**What the task requires:** Below is a listing with pictures in it; transcribe exactly the lines from the one that has "an empty room with a fireplace and fan" through the one that has "Rumah Minimalis Modern", and omit those pictures.

**Provided data:**
· · · ·
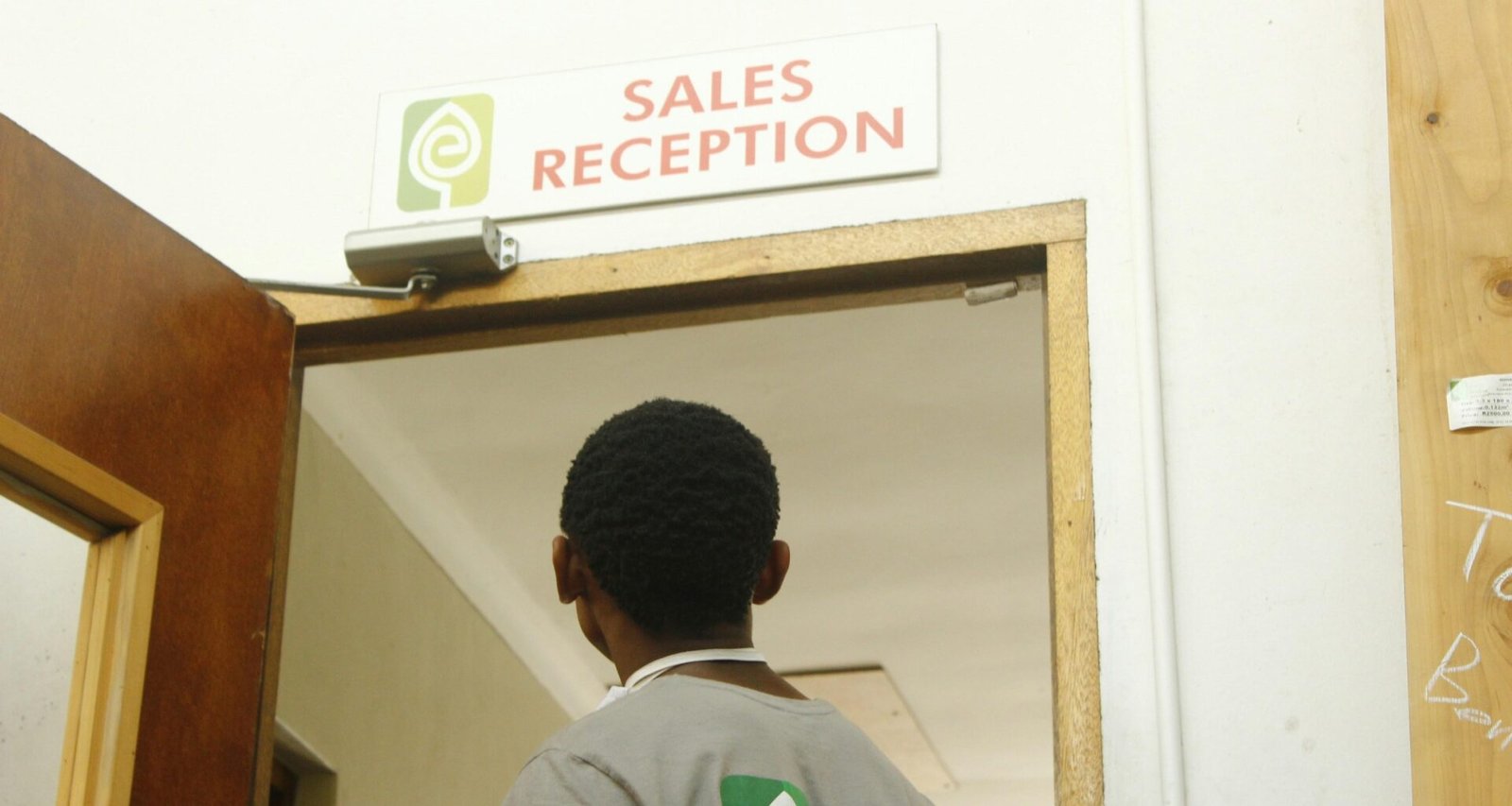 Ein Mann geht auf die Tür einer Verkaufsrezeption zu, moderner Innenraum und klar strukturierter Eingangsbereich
· · · ·
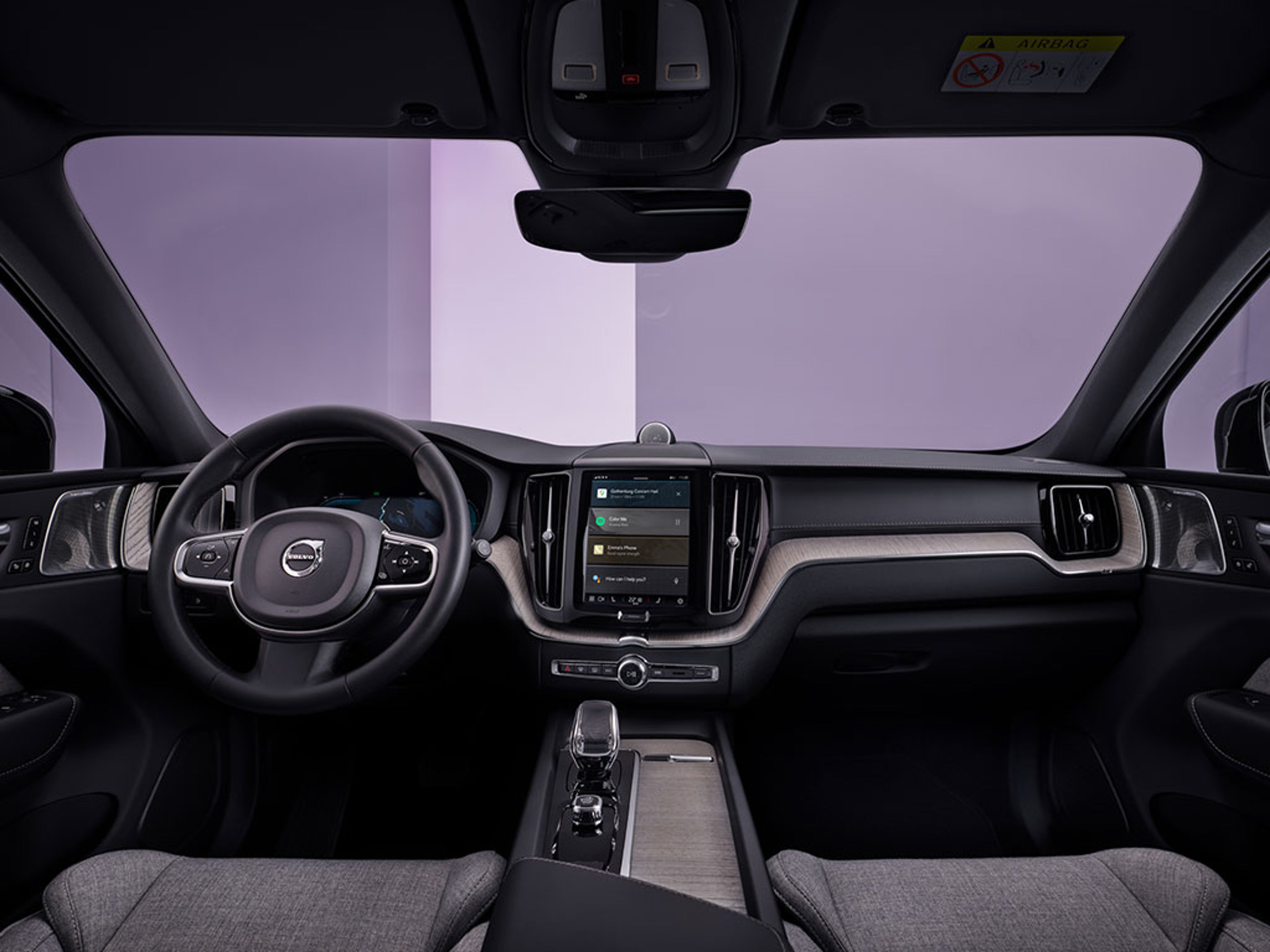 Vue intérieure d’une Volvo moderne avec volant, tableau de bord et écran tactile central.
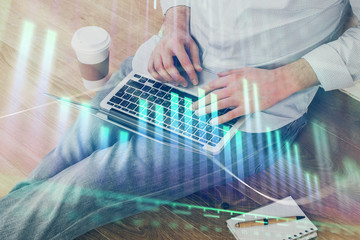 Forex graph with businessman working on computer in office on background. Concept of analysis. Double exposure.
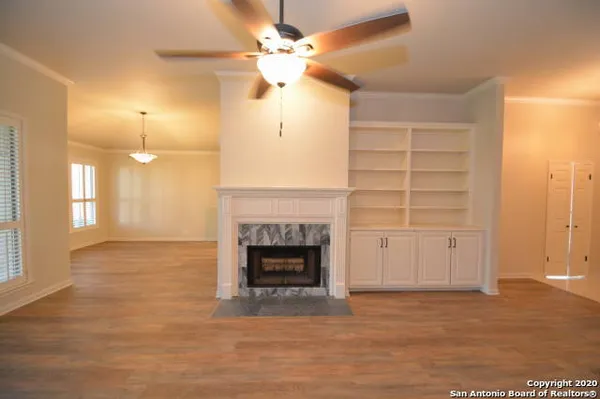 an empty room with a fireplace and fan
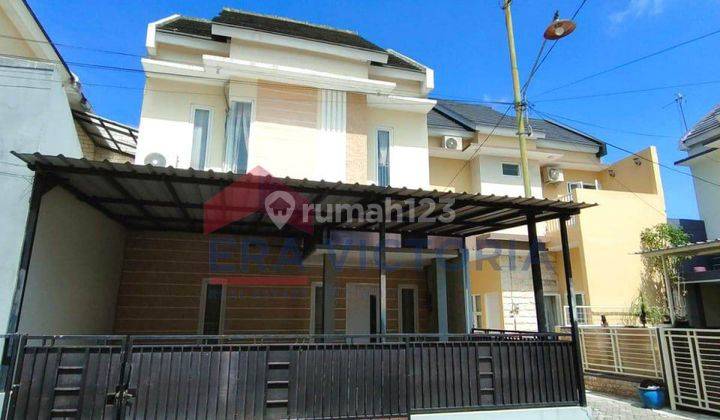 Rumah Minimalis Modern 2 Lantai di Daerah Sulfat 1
· · · ·
**Solution below:**
 an empty room with a fireplace and fan
 Rumah Minimalis Modern 2 Lantai di Daerah Sulfat 1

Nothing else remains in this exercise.